Oct. 14 (Bloomberg) -- A measure of how much European banks pay to fund in dollars declined to the lowest in a month as Group of 20 finance ministers began discussions on the euro- region debt crisis.
The one-year cross-currency basis swap, the rate banks pay to convert euro payments into dollars, was 63 basis points below the euro interbank offered rate as of 4:20 p.m. in London, from 66 yesterday, according to data compiled by Bloomberg. That’s the smallest gap since Sept. 15.
European officials are considering writedowns of as much as 50 percent on Greek bonds, a backstop for banks and continued central bank bond purchases as key planks in a revamped strategy to combat the debt crisis, people familiar with the discussions said.
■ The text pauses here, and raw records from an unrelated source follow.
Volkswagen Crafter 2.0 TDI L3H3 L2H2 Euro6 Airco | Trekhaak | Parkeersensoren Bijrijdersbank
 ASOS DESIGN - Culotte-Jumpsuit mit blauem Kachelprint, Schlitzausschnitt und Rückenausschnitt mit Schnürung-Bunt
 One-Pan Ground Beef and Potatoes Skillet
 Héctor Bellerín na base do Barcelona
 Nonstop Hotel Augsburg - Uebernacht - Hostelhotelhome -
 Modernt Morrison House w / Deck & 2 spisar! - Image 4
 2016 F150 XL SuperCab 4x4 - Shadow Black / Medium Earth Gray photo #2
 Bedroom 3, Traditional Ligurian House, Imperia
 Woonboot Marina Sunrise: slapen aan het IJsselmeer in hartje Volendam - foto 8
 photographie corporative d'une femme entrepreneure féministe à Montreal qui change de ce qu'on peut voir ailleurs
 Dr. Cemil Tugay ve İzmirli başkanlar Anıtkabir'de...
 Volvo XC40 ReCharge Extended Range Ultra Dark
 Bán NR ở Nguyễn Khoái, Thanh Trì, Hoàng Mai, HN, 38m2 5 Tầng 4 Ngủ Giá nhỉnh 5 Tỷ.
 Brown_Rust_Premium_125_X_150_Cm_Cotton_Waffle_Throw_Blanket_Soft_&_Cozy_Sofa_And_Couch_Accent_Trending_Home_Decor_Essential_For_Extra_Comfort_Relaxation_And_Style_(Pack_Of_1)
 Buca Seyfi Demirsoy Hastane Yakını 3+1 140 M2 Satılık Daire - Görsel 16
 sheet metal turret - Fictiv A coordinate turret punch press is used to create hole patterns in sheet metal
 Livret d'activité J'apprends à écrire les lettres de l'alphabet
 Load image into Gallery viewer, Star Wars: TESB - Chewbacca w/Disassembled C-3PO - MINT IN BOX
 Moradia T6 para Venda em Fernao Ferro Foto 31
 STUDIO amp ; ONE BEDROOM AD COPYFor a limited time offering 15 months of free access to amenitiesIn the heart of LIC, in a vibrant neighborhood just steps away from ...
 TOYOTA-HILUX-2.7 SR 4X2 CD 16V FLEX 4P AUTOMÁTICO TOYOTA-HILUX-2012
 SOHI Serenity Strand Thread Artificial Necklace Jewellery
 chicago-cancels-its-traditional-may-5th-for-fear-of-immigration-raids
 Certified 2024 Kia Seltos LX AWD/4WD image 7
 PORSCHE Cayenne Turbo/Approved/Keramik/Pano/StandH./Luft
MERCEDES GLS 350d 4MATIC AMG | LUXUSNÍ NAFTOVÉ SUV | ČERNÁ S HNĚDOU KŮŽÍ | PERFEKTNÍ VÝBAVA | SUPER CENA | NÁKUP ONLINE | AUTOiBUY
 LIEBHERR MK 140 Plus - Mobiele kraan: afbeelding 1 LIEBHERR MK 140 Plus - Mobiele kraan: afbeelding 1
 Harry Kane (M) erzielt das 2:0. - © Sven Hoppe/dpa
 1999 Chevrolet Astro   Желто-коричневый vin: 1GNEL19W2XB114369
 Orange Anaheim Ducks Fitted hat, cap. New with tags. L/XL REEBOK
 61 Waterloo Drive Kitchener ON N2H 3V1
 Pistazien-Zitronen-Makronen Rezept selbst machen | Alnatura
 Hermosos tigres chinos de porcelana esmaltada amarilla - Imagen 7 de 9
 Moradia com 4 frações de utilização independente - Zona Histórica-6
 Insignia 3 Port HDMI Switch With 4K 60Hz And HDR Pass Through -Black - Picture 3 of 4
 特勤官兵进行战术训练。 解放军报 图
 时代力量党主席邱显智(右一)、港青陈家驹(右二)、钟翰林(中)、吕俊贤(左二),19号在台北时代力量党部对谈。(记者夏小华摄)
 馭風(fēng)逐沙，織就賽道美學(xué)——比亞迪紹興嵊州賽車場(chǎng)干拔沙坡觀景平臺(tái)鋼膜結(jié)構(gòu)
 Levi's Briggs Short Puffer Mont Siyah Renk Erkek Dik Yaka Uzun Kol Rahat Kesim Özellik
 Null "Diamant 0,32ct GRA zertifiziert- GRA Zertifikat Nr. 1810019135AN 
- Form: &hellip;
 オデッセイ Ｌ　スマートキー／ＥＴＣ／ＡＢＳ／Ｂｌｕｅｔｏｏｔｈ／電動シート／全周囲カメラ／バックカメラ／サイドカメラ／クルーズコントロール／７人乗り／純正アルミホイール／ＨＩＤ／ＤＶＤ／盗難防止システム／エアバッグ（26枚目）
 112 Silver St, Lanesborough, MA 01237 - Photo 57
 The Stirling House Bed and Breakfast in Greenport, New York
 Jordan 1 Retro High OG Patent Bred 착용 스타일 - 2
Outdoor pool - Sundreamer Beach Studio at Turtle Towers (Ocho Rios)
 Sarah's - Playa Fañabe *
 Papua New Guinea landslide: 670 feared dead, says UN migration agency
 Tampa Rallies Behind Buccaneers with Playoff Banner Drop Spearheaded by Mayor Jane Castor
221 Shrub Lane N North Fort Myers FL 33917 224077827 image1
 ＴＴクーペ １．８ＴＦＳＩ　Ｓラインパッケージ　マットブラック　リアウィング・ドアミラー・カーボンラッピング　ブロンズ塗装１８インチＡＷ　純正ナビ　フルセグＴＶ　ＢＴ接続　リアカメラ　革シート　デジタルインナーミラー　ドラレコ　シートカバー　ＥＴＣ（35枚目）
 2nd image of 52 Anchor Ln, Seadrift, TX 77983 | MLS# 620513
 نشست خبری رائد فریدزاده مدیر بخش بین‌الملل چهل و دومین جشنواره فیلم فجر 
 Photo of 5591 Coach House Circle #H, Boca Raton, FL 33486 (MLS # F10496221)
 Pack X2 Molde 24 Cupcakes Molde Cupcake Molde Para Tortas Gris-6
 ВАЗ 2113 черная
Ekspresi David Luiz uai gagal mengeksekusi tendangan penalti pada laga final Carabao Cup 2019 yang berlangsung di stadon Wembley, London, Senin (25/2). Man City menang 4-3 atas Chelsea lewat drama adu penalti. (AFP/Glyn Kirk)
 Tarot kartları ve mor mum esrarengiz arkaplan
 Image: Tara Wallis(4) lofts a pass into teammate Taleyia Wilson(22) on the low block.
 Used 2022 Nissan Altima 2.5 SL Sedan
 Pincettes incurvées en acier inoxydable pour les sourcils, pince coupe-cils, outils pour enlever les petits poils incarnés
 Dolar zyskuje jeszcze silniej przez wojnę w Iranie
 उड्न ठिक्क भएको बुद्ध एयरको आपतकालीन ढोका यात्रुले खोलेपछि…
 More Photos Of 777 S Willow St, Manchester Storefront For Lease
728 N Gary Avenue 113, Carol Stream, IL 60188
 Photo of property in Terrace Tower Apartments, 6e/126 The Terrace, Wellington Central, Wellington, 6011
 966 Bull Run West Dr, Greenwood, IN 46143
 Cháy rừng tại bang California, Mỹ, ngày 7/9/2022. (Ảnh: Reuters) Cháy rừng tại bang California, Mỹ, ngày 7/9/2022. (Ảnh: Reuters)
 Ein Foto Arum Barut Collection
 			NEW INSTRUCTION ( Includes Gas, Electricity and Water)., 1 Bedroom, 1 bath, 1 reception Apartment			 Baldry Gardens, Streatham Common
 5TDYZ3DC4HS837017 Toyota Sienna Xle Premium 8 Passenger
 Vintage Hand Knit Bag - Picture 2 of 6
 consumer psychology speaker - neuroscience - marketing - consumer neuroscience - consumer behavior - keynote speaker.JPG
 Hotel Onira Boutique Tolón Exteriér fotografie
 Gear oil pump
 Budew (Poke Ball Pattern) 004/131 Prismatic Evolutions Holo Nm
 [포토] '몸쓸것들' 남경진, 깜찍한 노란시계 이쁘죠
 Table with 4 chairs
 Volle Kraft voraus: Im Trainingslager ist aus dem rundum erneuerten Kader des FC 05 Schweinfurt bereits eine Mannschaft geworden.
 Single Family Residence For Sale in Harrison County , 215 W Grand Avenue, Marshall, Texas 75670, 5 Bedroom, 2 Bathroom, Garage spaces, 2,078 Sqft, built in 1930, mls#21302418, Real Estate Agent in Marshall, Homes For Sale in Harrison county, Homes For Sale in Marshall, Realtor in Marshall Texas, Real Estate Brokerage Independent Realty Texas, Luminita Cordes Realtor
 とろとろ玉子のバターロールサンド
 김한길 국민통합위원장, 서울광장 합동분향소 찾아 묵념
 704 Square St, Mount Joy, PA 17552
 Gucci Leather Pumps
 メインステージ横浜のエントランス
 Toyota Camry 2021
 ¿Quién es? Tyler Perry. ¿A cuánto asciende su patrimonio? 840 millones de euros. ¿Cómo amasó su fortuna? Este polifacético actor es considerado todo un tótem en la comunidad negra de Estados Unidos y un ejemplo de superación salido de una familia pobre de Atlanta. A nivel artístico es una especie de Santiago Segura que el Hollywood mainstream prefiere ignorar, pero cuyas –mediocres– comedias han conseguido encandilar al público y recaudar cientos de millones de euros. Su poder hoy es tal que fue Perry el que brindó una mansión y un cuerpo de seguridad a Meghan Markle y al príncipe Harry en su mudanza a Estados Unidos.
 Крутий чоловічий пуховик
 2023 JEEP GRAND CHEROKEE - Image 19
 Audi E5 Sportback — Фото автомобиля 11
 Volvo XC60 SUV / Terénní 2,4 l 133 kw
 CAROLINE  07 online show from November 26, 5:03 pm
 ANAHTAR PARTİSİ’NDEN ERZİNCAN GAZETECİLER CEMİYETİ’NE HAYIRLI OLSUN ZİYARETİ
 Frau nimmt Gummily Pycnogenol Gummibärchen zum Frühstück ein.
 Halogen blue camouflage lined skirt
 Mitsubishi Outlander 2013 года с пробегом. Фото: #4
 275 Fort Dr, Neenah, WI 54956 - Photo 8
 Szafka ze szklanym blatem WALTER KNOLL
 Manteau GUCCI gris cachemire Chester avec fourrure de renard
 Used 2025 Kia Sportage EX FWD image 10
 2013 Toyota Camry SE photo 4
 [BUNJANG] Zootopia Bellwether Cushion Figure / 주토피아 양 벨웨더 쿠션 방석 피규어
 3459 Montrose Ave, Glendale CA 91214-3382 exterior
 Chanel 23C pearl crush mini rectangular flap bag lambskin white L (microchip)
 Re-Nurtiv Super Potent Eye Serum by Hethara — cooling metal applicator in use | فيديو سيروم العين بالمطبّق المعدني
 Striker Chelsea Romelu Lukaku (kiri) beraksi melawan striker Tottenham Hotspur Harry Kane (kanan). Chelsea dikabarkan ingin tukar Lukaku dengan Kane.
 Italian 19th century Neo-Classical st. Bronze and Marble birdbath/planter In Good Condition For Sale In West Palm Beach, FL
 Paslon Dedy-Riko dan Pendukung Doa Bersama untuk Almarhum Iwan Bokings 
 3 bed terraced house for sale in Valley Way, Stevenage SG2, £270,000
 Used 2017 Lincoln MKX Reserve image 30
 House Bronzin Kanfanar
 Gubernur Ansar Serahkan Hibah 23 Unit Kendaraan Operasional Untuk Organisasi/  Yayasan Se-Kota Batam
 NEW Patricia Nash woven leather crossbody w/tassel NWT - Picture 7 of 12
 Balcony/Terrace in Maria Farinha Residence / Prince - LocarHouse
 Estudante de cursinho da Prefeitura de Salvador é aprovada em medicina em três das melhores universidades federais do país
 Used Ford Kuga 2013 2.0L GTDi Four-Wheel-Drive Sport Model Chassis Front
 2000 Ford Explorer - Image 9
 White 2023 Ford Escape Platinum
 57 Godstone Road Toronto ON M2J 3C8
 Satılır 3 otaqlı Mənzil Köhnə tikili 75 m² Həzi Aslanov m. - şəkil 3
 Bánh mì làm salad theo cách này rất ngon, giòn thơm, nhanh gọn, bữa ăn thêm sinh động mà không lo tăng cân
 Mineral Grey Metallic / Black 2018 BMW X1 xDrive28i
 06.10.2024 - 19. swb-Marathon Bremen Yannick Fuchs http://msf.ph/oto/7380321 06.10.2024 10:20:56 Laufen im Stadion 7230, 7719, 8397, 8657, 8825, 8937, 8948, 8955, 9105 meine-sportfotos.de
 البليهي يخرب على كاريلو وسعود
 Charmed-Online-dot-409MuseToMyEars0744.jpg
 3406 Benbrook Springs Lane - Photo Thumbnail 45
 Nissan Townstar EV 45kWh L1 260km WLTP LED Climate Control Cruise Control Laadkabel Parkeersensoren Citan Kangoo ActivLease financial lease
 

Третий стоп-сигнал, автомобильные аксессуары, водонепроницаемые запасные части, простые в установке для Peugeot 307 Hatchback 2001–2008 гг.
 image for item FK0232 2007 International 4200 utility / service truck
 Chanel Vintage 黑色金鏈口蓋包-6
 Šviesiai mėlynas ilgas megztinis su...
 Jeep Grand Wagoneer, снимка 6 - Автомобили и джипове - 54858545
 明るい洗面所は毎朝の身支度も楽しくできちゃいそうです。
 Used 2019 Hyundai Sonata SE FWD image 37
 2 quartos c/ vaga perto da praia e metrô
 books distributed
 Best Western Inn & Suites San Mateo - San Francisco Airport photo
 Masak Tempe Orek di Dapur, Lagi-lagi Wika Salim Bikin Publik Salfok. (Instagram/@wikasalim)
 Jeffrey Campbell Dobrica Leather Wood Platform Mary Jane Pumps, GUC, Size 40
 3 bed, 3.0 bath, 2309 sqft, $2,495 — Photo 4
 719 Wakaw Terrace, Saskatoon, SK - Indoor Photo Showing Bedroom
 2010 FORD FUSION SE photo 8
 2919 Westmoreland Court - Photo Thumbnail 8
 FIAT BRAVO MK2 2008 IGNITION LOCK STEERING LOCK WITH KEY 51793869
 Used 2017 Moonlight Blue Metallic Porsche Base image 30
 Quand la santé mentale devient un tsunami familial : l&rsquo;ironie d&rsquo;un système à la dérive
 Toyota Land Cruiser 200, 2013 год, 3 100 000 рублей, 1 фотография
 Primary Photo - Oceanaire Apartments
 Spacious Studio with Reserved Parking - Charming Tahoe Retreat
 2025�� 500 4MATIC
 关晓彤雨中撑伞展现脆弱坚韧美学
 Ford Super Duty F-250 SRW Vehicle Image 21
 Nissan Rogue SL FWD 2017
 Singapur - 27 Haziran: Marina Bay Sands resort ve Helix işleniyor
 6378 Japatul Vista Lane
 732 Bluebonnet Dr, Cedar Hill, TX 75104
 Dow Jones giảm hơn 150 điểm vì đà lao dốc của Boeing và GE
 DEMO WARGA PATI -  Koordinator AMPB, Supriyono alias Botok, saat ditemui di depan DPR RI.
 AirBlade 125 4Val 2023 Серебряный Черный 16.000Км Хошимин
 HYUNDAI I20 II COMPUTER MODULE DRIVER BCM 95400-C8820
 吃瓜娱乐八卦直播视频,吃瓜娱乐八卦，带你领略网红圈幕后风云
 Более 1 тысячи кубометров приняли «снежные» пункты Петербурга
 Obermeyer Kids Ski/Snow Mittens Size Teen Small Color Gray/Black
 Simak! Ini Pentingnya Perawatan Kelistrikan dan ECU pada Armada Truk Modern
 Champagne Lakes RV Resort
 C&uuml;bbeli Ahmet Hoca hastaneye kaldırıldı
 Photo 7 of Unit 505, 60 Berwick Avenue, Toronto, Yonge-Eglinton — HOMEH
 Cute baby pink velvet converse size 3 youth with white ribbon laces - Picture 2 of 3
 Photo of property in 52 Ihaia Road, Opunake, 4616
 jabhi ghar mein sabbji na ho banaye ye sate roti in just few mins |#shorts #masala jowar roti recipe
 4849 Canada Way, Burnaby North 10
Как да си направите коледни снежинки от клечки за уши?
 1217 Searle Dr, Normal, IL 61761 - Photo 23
The elements of the plan emerged as finance ministers and central bankers from the G-20 met in Paris.
“It’s encouraging that European leaders are starting to understand the need for much aggressive action,” Colin Tan, a credit analyst at Deutsche Bank AG in Sydney, wrote in a note. “But markets will want to see more details as we start to get closer to the big announcement.”
The three-month cross-currency basis swap was 88.5 basis points under Euribor from minus 91 yesterday. A basis point is 0.01 percentage point.
A measure of banks’ reluctance to lend to one another in Europe was little changed. The Euribor-OIS spread, the difference between the borrowing benchmark and overnight index swaps was 74.5 basis points. The rate reached 89 basis points on Sept. 23, the widest since March 2009.
Overnight deposits at the European Central Bank rose. Banks parked 123 billion euros ($170 billion) at the Frankfurt-based ECB yesterday, up from 105 billion euros on Oct. 12. That compares with a year-to-date average of 59 billion euros.
Three-month Euribor -- the rate banks say they pay for three-month loans in euros -- rose to 1.574 percent from 1.572 percent yesterday. One-week Euribor fell to 1.174 percent from 1.181 percent.
The three-month dollar London interbank offered rate, or Libor, rose for a 26th day to 0.405 percent from 0.403 percent, according to the British Bankers’ Association. That’s the highest since Aug. 6, 2010.
The TED spread, or the difference between what lenders and the U.S. government pay to borrow for three months, was 38 basis points.